Const UpperAndLowerAccents As String = "ÇÉÑçéñ"
If CaseSensitive Then
Str1 = SourceText
Str2 = WordToFind
Pattern = "[!A-Za-z0-9]"
If AllowAccentedCharacters Then Pattern = Replace(Pattern, "!", "!" & UpperAndLowerAccents)
Else
Str1 = UCase(SourceText)
Str2 = UCase(WordToFind)
Pattern = "[!A-Z0-9]"
If AllowAccentedCharacters Then Pattern = Replace(Pattern, "!", "!" & UpperAccentsOnly)
End If
For x = Start To Len(Str1) - Len(Str2) + 1
If Mid(" " & Str1 & " ", x, Len(Str2) + 2) Like Pattern & Str2 & Pattern _
And Not Mid(Str1, x) Like Str2 & "'[" & Mid(Pattern, 3) & "*" Then
InStrExact = x
Exit Function
End If
Next
End Function
This function takes three required arguments and provides for two additional optional arguments. The first argument, named Start, is required and lets you set the starting character number for the search to begin at (use 1 to start the search at the first character). The second argument, named SourceText, is required and is the text to look for the word in. The third argument, named WordToFind, is required and, as the name indicates, is the word whose position you want to locate. The fourth argument, named CaseSensitive, is optional and allows you to make the search case sensitive or not (the default is FALSE representing a case insensitive search).
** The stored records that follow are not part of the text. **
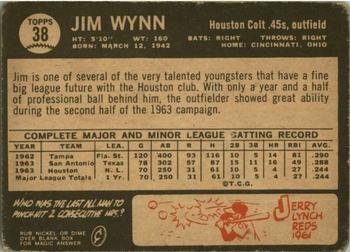 1964 Topps Venezuelan #38 Jim Wynn Back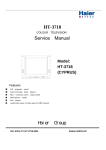 HT-3718 Service Manual Haier Group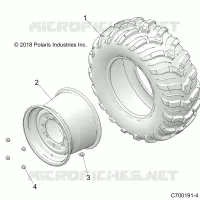 ROUES, REAR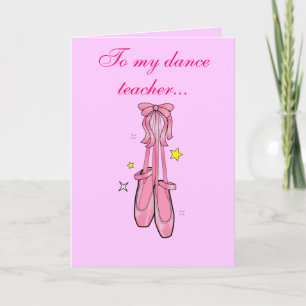 Merci de professeur de danse avec chaussures de ba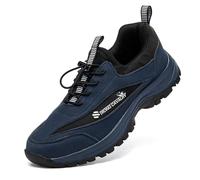 Generisch Zapatillas de invierno para hombre, de piel cálida, elásticas, antideslizantes, para el tiempo libre, azul, 40 EU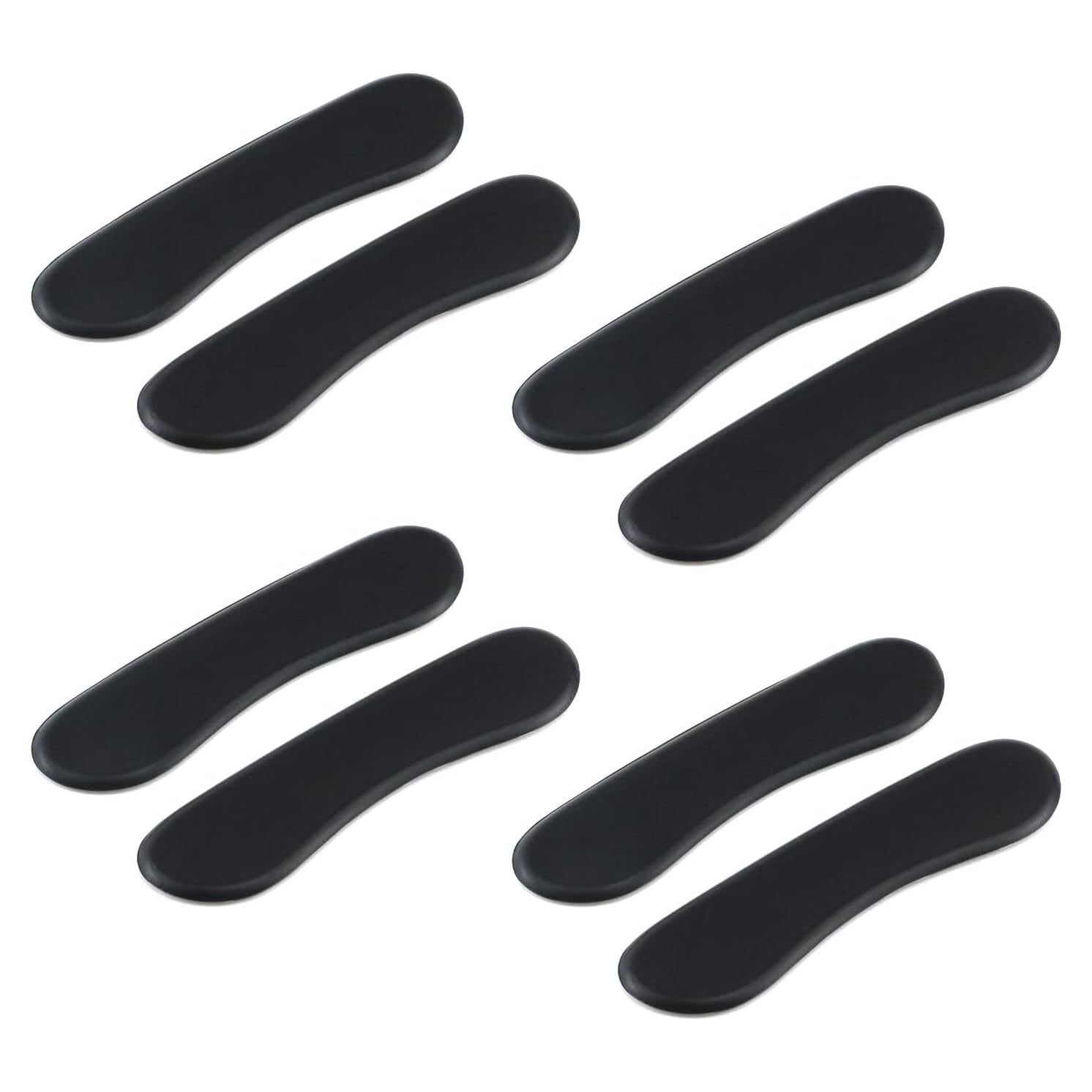 Silenciadores de Tambor HEVSTIL 8 Almohadillas de Gel Negro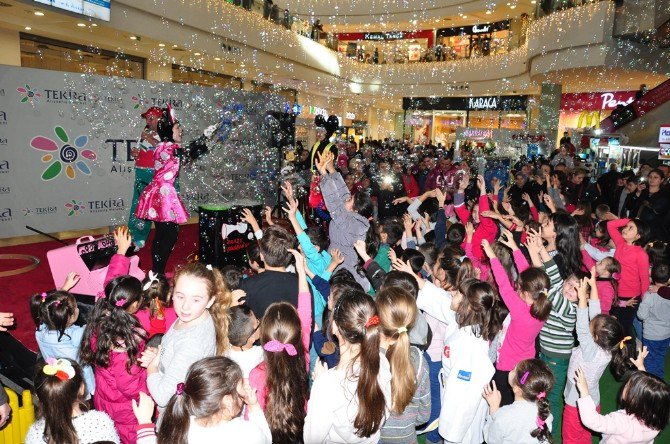 Tekirdağ’da ‘Crazy Bubble Show’ Gösterisi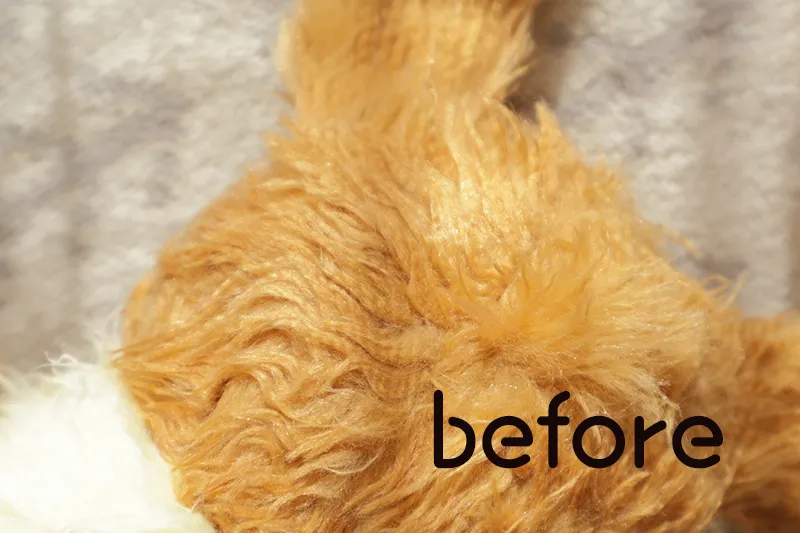 イーブイの毛before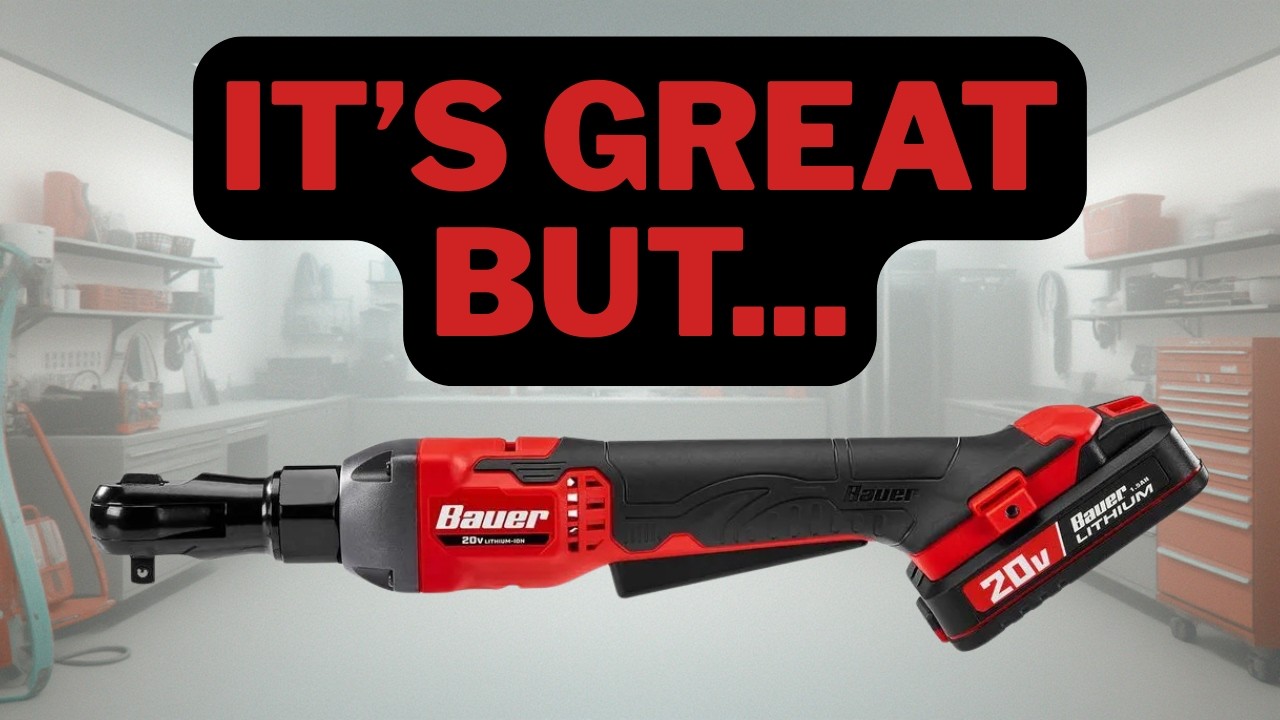 Bauer 20V Cordless 3/8 or 1/2 Ratchet Review – Great Tool… But There’s a Catch | Harbor Freight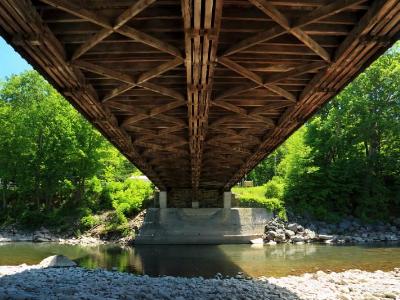 Underneath Blenheim Covered Bridge (R.I.P.)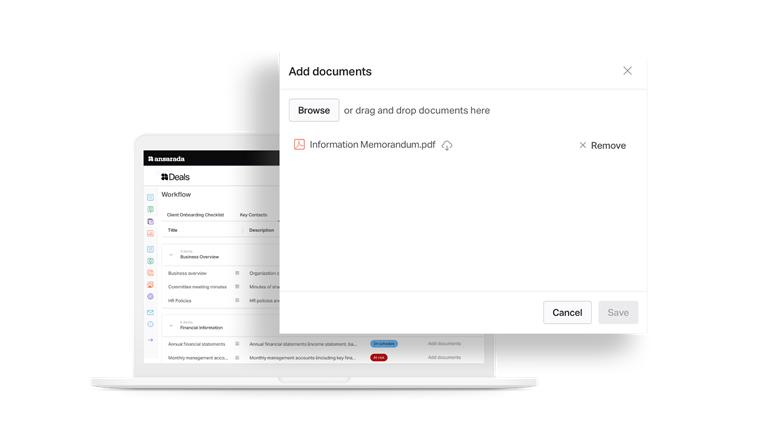 attach documents in Workflow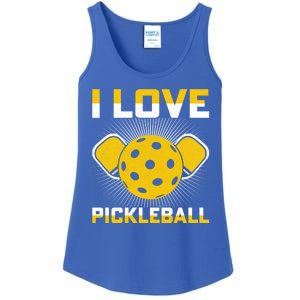 I Love Pickleball Paddle Ladies Essential Tank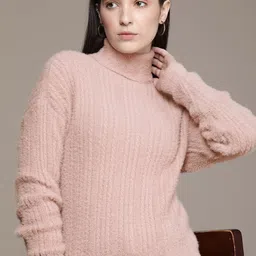 French Connection Self-Design Turtle Neck Pullover-picture-18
The fifth argument, named AllowAccentedCharacters, is optional and allows certain accented letters to be considered as being part of a word (the default is False meaning only normal ASCII characters can make up the word). For example, with the default value of False, the word "resumé" would never be found because the accented "e" (é) would be considered a non-letter. Setting the fifth argument to True would allow the function to find the word "resumé". I only allowed for three accented letters "ç", "é" and "ñ" (in both lower and upper case), but you can add more if you wish by modifying the UpperAccentsOnly and UpperAndLowerAccents constants (the Const statements at the beginning of the code).
HOW TO INSTALL UDFs
------------------------------------
If you are new to UDFs, they are easy to install and use. To install it, simply press ALT+F11 to go into the VB editor and, once there, click Insert/Module on its menu bar, then copy/paste the above code into the code window that just opened up. That's it.... you are done. You can now use InStrExact just like it was a built-in Excel function. For example,
=InStrExact(1,A1,B1)
*CORRECTED CODE AS OF JULY 31, 2014 (See Message #6 For Details) ****
The InStr function is a handy tool. It will return the character position of text that is embedded within a larger text string. And while this is handy, the function is useless for finding words as stand-alone words in the text. Let's say you had this text string...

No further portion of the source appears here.